Any assault on Mt. Everest should be approached with plenty of caution and care. After all, it is a perilous journey, and there have been many who have fallen in their attempts over the past few decades with very little chance of having their bodies retrieved due to the extremely difficult conditions. 2017 has not been a very good year for climbers who attempt to make it to the summit at Everest, with the latest death toll for this year standing at 10 after another four bodies were found at camp four by a rescue team.

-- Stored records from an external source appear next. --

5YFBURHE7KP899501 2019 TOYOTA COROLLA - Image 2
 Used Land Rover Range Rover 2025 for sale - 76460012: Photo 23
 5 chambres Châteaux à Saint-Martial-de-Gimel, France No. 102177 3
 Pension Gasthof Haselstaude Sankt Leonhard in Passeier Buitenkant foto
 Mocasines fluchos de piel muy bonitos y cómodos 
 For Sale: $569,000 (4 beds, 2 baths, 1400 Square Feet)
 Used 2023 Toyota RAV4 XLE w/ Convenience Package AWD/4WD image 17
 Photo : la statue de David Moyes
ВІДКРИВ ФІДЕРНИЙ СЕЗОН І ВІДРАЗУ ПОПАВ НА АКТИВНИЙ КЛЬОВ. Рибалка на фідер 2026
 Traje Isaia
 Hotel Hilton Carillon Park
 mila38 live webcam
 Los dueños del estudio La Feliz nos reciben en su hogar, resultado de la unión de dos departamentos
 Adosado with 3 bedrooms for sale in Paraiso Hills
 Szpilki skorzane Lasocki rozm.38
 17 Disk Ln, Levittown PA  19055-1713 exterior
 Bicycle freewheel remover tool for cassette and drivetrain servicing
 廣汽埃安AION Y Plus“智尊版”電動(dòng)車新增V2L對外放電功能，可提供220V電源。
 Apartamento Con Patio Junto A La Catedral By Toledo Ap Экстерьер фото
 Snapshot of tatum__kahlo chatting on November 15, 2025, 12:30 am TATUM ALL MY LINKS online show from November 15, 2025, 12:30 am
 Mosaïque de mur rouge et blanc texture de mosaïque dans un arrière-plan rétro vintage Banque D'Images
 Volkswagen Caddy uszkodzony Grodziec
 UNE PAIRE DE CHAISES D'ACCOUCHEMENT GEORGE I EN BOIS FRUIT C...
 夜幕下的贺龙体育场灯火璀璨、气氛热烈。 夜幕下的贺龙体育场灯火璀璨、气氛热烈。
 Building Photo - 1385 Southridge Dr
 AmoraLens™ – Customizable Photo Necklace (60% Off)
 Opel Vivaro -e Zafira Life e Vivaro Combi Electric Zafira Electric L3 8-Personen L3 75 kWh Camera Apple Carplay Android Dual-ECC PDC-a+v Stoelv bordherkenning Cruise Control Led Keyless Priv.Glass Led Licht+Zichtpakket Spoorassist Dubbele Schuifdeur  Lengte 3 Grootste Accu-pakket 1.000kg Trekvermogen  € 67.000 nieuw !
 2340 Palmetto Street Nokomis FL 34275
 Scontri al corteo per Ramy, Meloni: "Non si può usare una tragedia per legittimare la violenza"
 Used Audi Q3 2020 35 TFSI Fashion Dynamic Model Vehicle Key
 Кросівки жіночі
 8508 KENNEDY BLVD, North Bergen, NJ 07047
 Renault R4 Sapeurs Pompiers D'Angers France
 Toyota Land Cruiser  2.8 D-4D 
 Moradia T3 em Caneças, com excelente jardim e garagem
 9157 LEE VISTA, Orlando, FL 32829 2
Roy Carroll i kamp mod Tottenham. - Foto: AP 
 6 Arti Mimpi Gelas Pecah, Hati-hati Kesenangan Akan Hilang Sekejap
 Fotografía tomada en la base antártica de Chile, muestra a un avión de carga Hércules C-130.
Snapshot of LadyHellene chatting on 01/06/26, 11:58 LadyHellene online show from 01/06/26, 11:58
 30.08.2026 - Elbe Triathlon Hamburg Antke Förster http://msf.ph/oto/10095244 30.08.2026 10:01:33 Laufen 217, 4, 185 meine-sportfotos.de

All four bodies of the climbers were discovered within a tent on Everest, according to an expedition organizer. The spring season has certainly taken its fair share of victims already, and it does look as though the foolhardy who intend to scale the summit will continue to see more victims to the famous peak throughout the rest of the viable climbing time window. Mingma Sherpa, head of Seven Summits Trek, shared, "Our rescuers found bodies of four climbers in a tent at camp four yesterday. We don't have the details of who they are or how they died yet." Seven Summits Trek is a Kathmandu-based agency which carries out expeditions as well as rescue operations on the mountain. According to local media, two of the deceased were foreigners, while the other two were presumably their Sherpa guides. The Nepal government liaison officer who is stationed at base camp was not available for comment or further clarification.
Over the weekend, four people lost their lives on the 8,848 metre peak, and they include American doctor Roland Yearwood and Slovak climber Vladimir Strba. Both of them expired at the now infamous “death zone” of the mountain that lies above the 8,000 metre mark. This is where the amount of oxygen would have fallen to extremely low levels, which in turn increases the risk of altitude sickness. 27-year old Indian climber Ravi Kumar also died, and his body was seen on Monday a couple of days after he made his way up before losing all contact with the base camp. There is a current rescue operation that is happening in order to retrieve his body. And then on Sunday earlier this week, an Australian climber failed to make it to the peak -- having died on the Tibet segment of the mountain.
While these people are relatively unknown (although we do know that they would have amassed a viable amount of mountaineering experience over the years, not to mention being wealthy enough to fund their own expedition), two famous lives were also claimed by Everest this year. Legendary Swiss climber Ueli Steck and 85-year-old Min Bahadur Sherchan are two stalwarts of mountaineering who lost their battle with the mighty Everest. The latter died while making an attempt to reclaim his title as the world's oldest person to make it to Everest’s summit, having lost that title to 80-year old Yuichiro Miura a few years back. Yuichiro Miura might want to take stock of the situation concerning Min Bahadur, as Miura did express his intention to conquer Everest at the age of 90. I don’t know about you, but I would prefer to spend the last few years of my life with my family and friends compared to going on an expedition that I would most probably not return from.
This climbing season, over 382 climbers have successfully reached the summit from the south side, while another 120 achieved the same from the Tibet segment. Early June would be when the spring climbing season comes to an end, so expect many to wait their turn to conquer Everest. Hopefully no more untoward events will happen later this week or the next.